In general I hate “all in one” software; it tends to be second-rate at most things, and third-rate at some. Very rarely it’ll be first-rate at something, but basically never more than one thing. I want packages that are really good at what they do, and that work together. Like Photo Mechanic, which is unsurpassed (has no competition, in fact) for the task of sorting and rating photos.
Specific Issues
Catalog
I really don’t want another catalog of my photos, but I don’t have any choice. It does seem to be able to import directories in place, without trying to absorb my existing photos, anyway.
Screen Layout
The filmstrip tries to go across the bottom of the screen, but it can at least be easily changed to auto-hide. Haven’t found a way to move it to the side, or a second monitor, or something yet.
Sliders
Hmm, these seem to ignore the mouse wheel until I’ve dragged them, but then start responding to the wheel. No, I guess it’s clicking on the slider (tiny target) that enables the wheel. Painful!
Responsiveness
Yeah, as expected it’s doing very well here (Photoshop does, and ACR does).
Noise Reduction
As with ACR, quite primitive, not nearly adequate. Preview response isn’t bad, around a second.
Crop
Oh dear, it’s got that stupid crop mode where both the border and the picture move, in opposite directions, when you move the mouse—so that the effective motion of a given mouse motion is twice what you get in general. I think there was a way to turn that off in Photoshop, haven’t found it here yet. What a stupid idea!
Straightening is also part of this module. There doesn’t seem to be a way to use the level tool to define what I think is straight, and then modify the rotation, though. When I’ve got images in the wrong orientation, which happens sometimes, I prefer to use one rotation to fix both their being 90° off and any small departure from straight. Does it really matter? Who knows; a 90° rotation should probably be lossless, but I’m a suspicious curmudgeon.
But the keyboard shorcut to invoke this is “R”. Not “C” as in Photoshop and everything else. Similarly for zoom keyboard shortcuts, incidentally—different from Photoshop and hence from everything that has copied Photoshop.
Ratings
The editing screen doesn’t seem to show ratings, color, selection, and hence also has no way to change them. They’re available in the film strip, but since that’s bolted to the bottom, that has to be hidden to have room to work.
White Balance
The eyedropper tool (click on neutral) disappears after one use, so my very common mode of prospecting around for a good neutral point is ten times slower than normal, and far more annoying.
Example Photos
 Derby
Noise reduction is key to this, and Lightroom has just the basic ACR tools there, which don’t hack it.
 Dr. Mike
Even on a jpeg, Lightroom gives me Highlight control. It doesn’t seem to actually accomplish much, though.
Minnehaha
This one is always tough; it’s badly exposed, really not something that can be rendered into an art-print grade result. However, lots of useful photos have problems that way, so that makes it a good test.

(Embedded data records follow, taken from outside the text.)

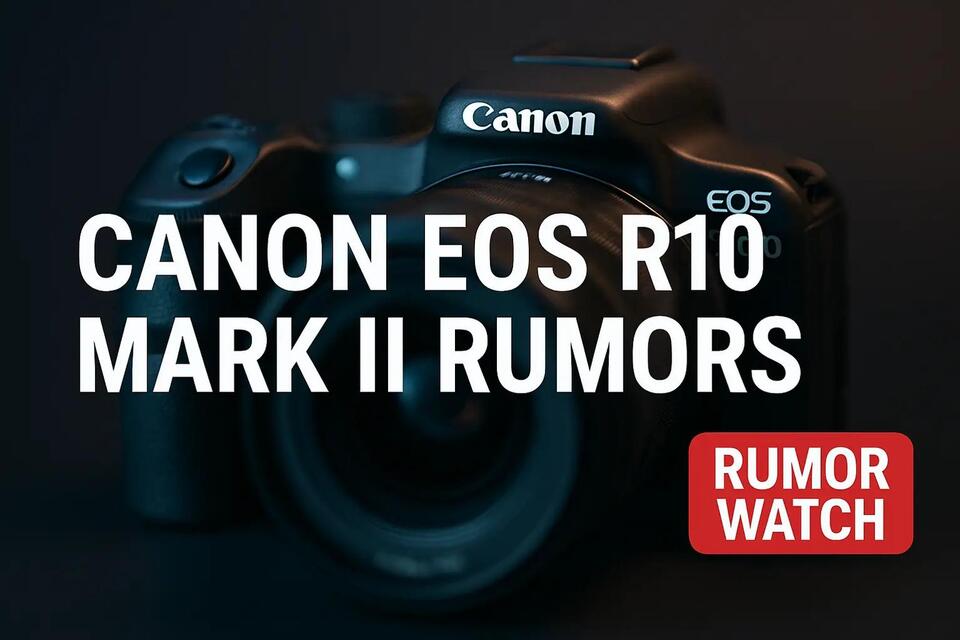 Canon EOS R10 Mark II Rumors: Release Date, Specs & Price Expectations ...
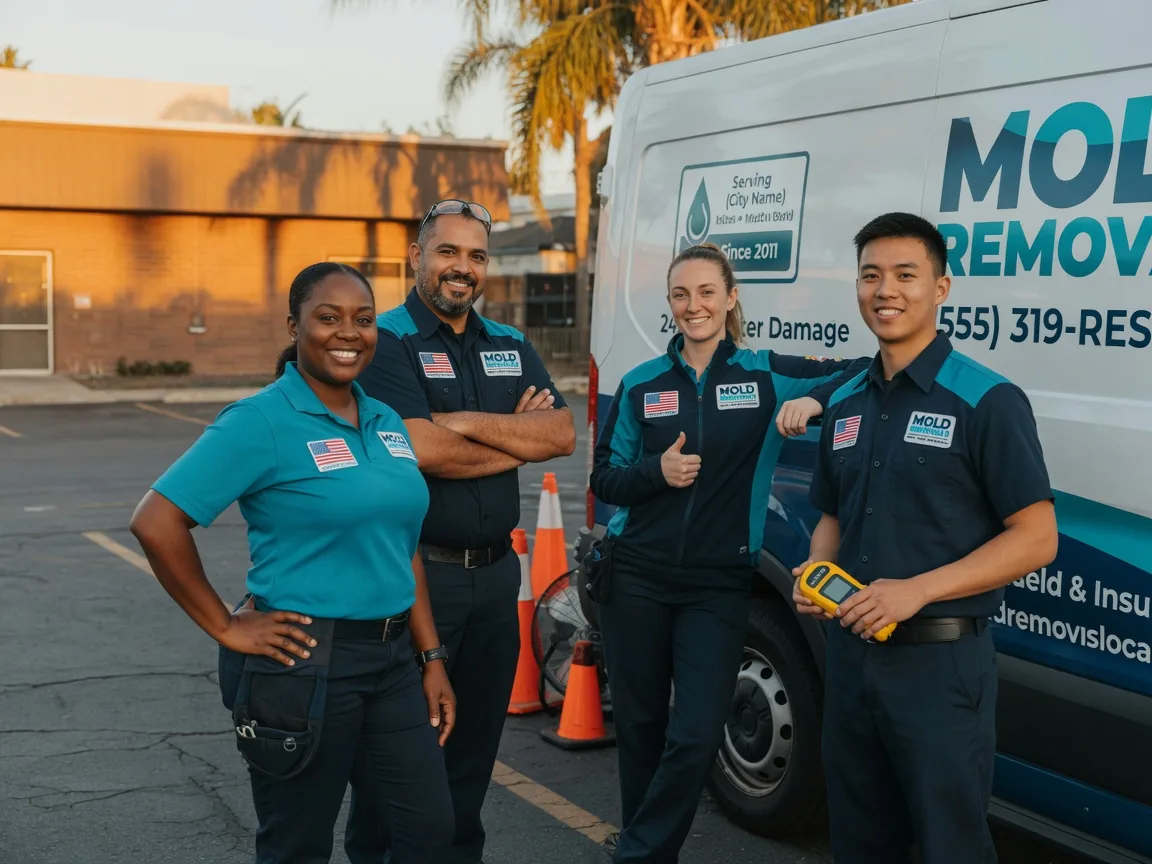 Water Damage Restoration company in San Ygnacio, TX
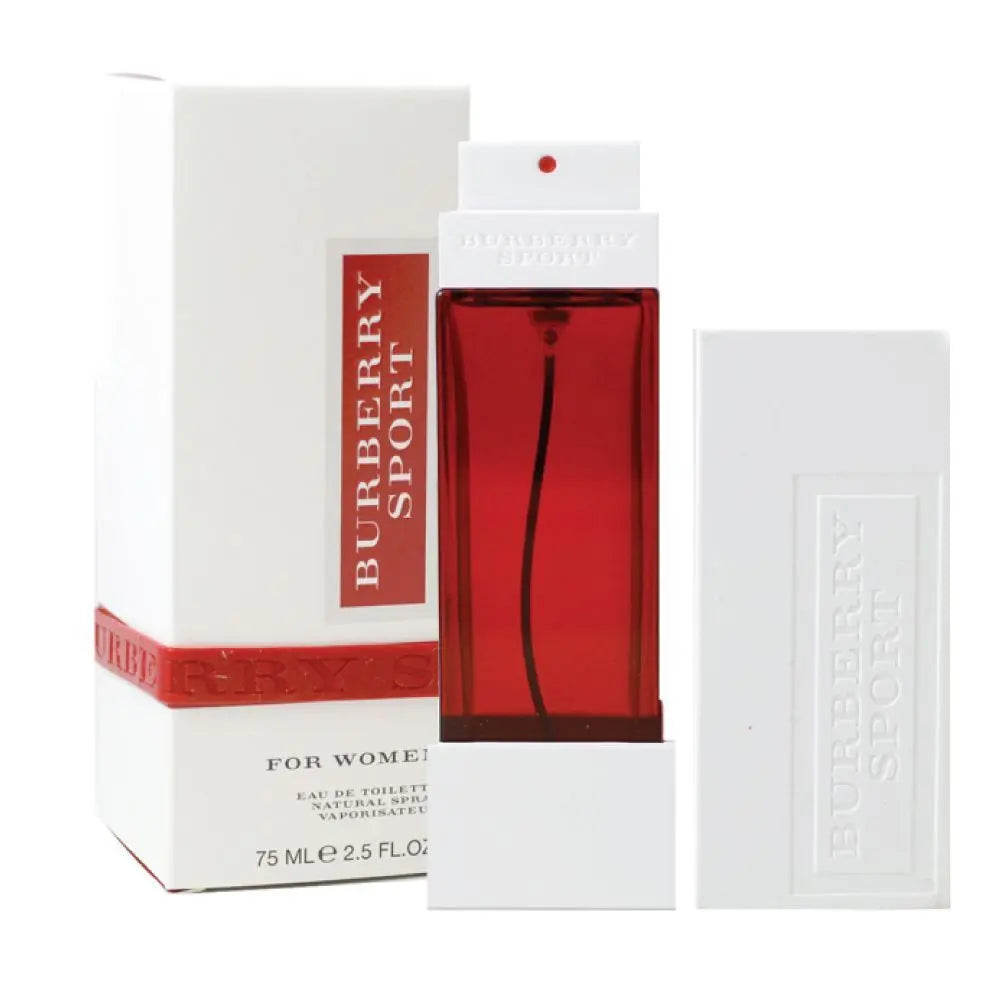 Burberry Sport For Women By Burberry Eau De Toilette - PERFUME BOUTIQUE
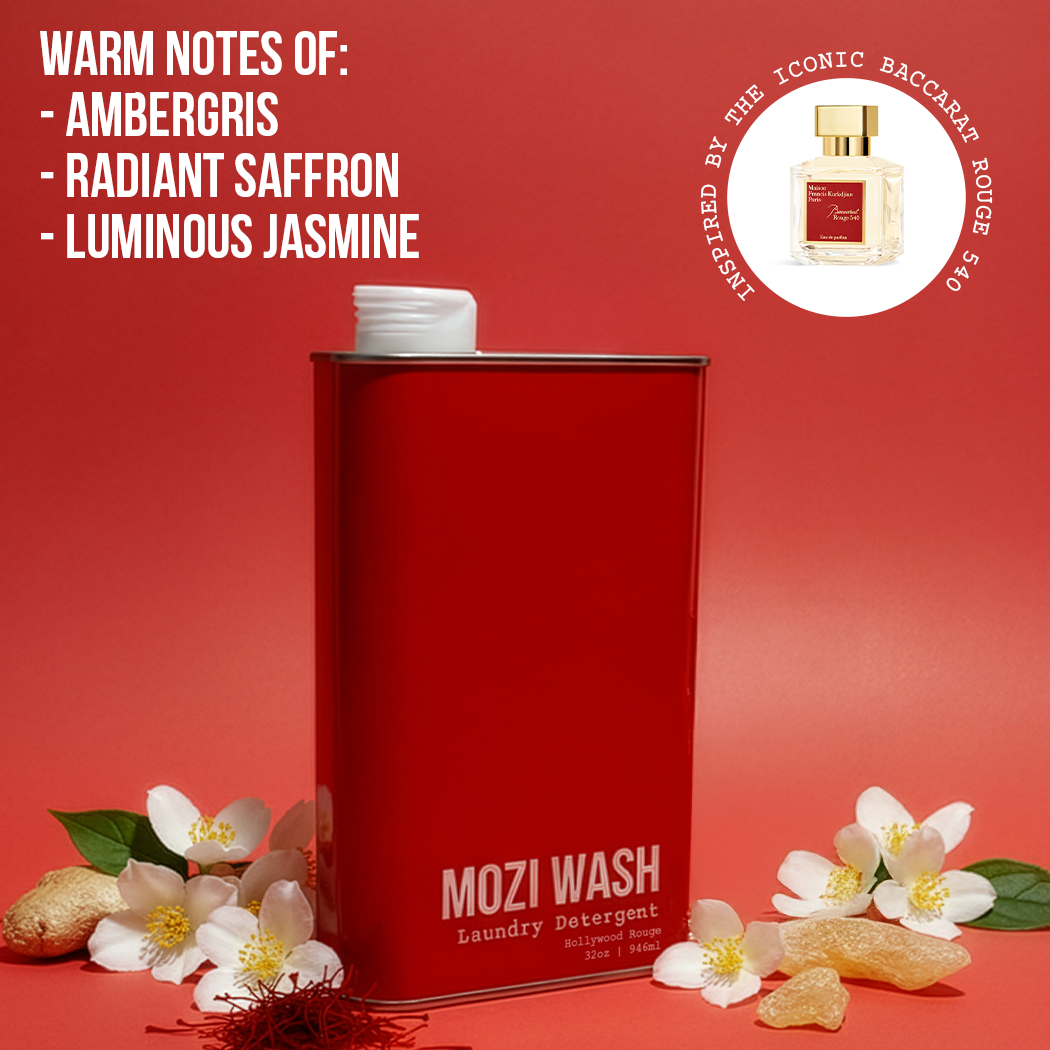 Mozi Wash Detergent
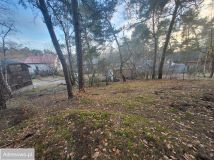 Działka budowlana Józefów, ul. Wiązowska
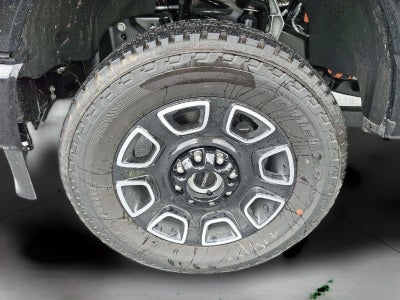 2025 Ford Super Duty F-350 Platinum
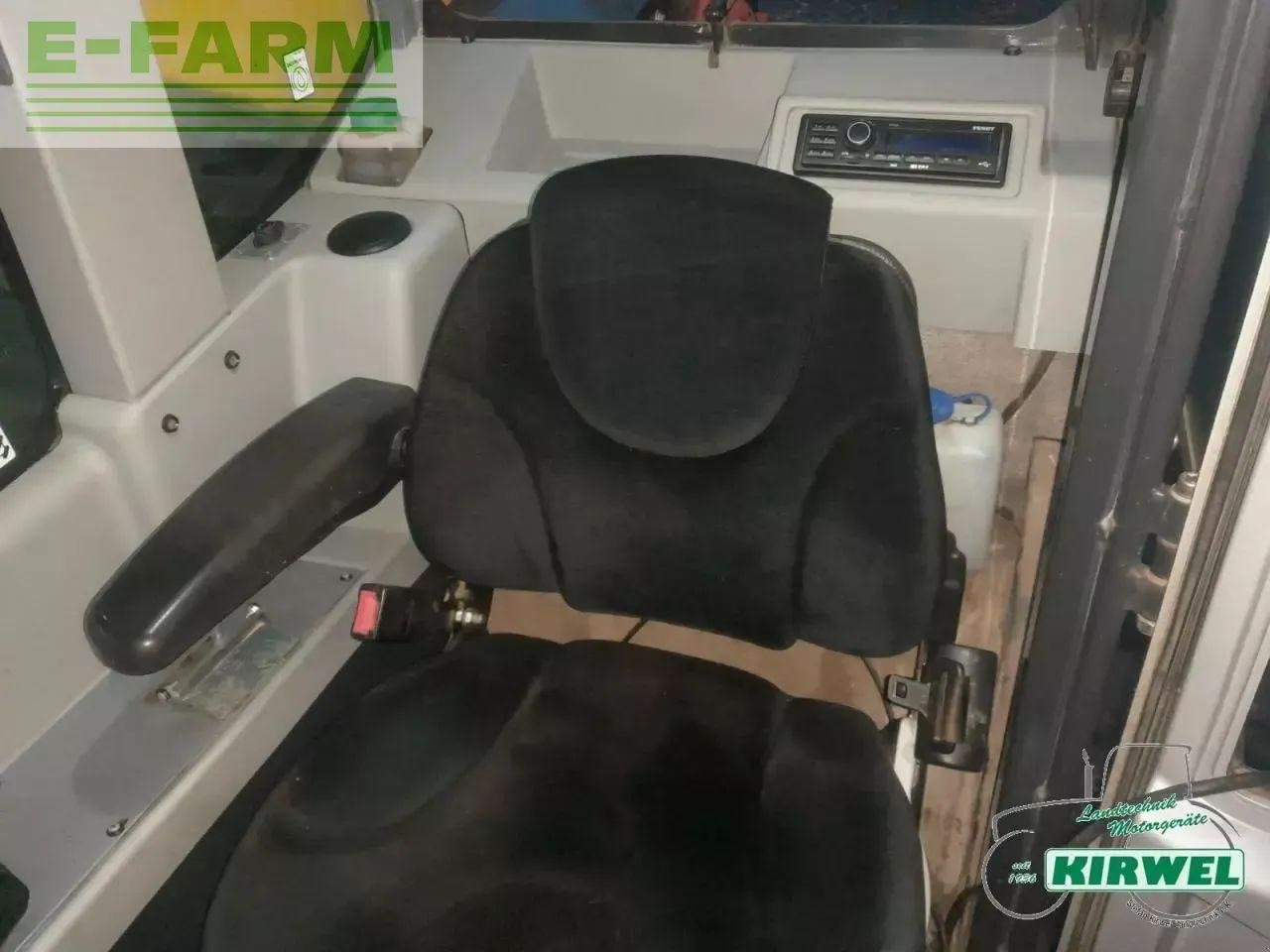 Dieci agri mini 25.6 - Verreiker: afbeelding 5 Dieci agri mini 25.6 - Verreiker: afbeelding 5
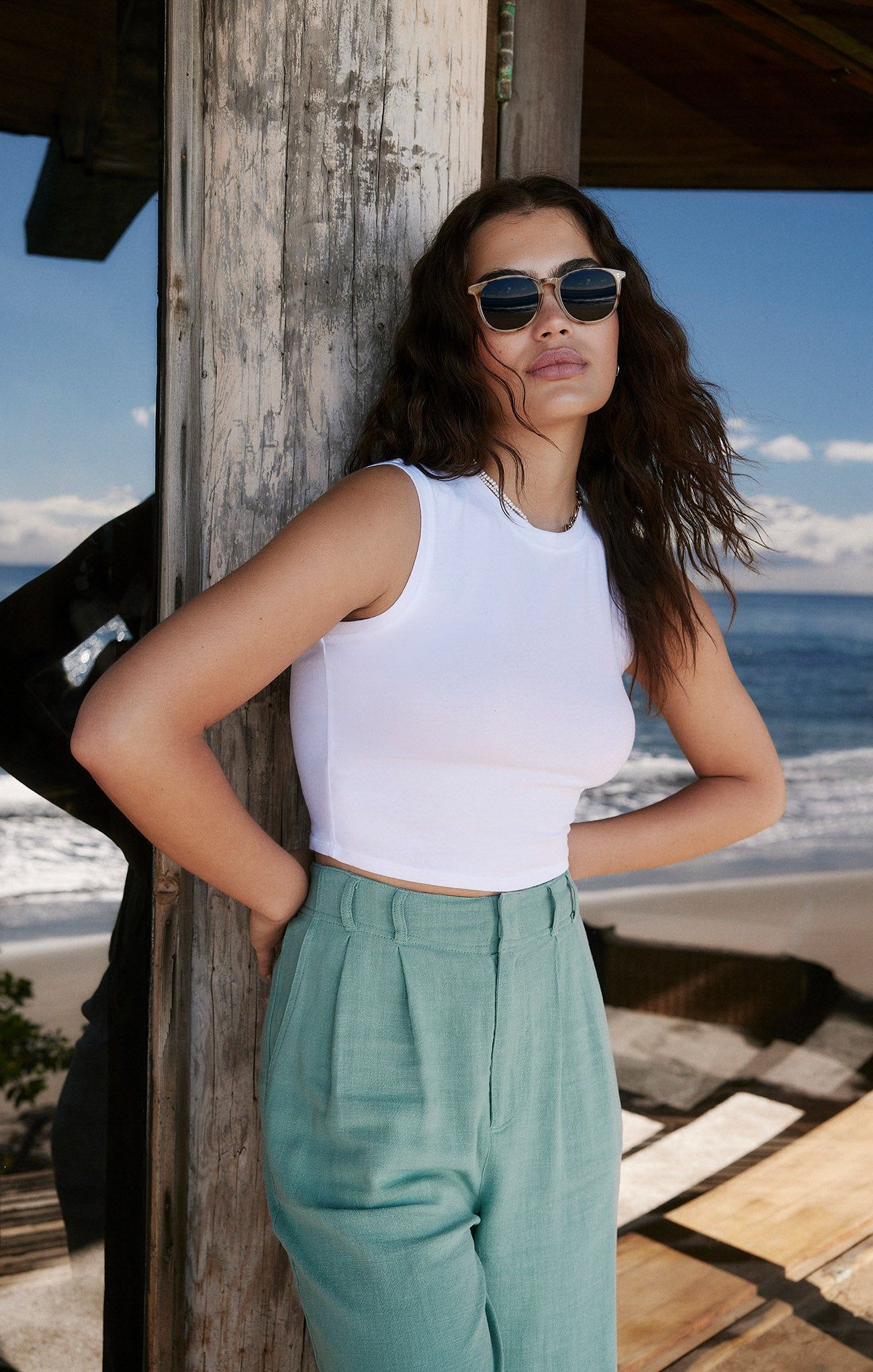 Ivy Tank sold by Z Supply product image thumbnail 5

On this one, even dragging the shadows up to 100 didn’t help much. I’ve ended up with highlights -100, shadows +100, and exposure +1.15. And clarity kicked way the hell up, too, at 64. I tried both the DNG and the original RAF, and they behave the same, which is nice.
Almost starting to look like something, and I haven’t made the burned out highlights in the water above the lip much worse.
 Naomi
Always easy. Still easy. Probably not a good test photo, but kind of too late to replace it with something now.